(Web page caption snippets)
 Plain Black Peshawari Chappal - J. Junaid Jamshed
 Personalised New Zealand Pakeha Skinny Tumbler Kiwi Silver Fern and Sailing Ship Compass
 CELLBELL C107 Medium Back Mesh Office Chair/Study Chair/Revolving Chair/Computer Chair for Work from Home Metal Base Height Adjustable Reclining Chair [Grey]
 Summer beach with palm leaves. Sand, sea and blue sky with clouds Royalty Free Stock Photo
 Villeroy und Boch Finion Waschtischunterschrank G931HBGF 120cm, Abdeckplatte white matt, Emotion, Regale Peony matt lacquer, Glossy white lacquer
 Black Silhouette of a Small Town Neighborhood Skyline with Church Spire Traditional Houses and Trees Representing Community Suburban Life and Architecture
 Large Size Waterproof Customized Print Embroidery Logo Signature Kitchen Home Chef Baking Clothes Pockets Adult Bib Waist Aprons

...

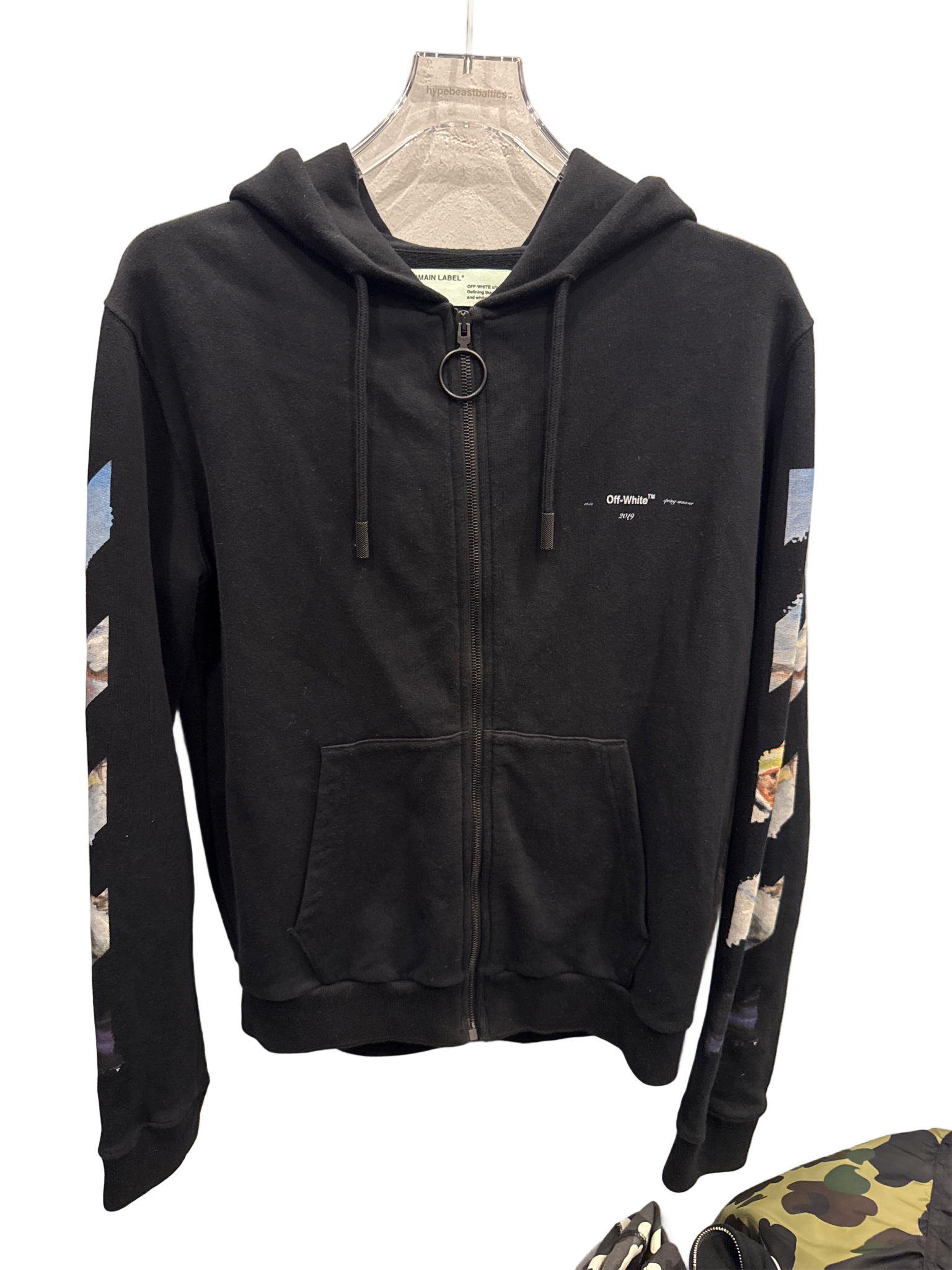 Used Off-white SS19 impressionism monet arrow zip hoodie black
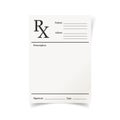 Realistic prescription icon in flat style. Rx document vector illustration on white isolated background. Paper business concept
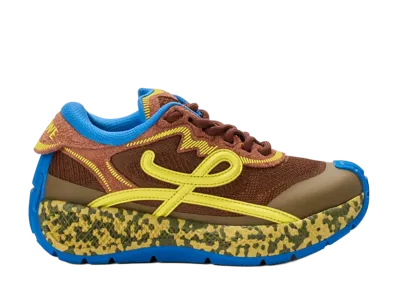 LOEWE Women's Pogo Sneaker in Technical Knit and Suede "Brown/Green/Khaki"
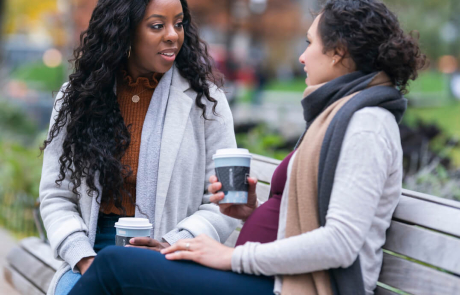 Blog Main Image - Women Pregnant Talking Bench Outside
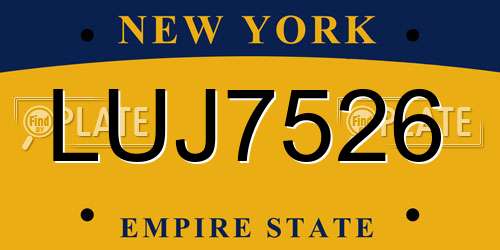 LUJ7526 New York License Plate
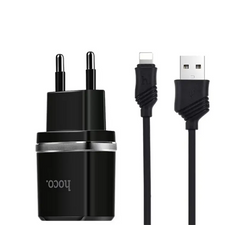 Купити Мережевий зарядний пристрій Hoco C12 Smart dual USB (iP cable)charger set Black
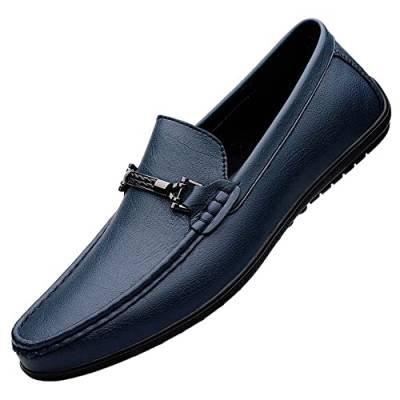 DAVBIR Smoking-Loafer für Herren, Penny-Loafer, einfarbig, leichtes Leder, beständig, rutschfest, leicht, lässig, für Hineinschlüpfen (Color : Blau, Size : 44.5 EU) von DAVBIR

What is needed: Reproduce, word for word and in full, only the lines above that start at the line with "Personalised New Zealand" and run through the line with "Large Size Waterproof", both ends included.

Exercise answer:
 Personalised New Zealand Pakeha Skinny Tumbler Kiwi Silver Fern and Sailing Ship Compass
 CELLBELL C107 Medium Back Mesh Office Chair/Study Chair/Revolving Chair/Computer Chair for Work from Home Metal Base Height Adjustable Reclining Chair [Grey]
 Summer beach with palm leaves. Sand, sea and blue sky with clouds Royalty Free Stock Photo
 Villeroy und Boch Finion Waschtischunterschrank G931HBGF 120cm, Abdeckplatte white matt, Emotion, Regale Peony matt lacquer, Glossy white lacquer
 Black Silhouette of a Small Town Neighborhood Skyline with Church Spire Traditional Houses and Trees Representing Community Suburban Life and Architecture
 Large Size Waterproof Customized Print Embroidery Logo Signature Kitchen Home Chef Baking Clothes Pockets Adult Bib Waist Aprons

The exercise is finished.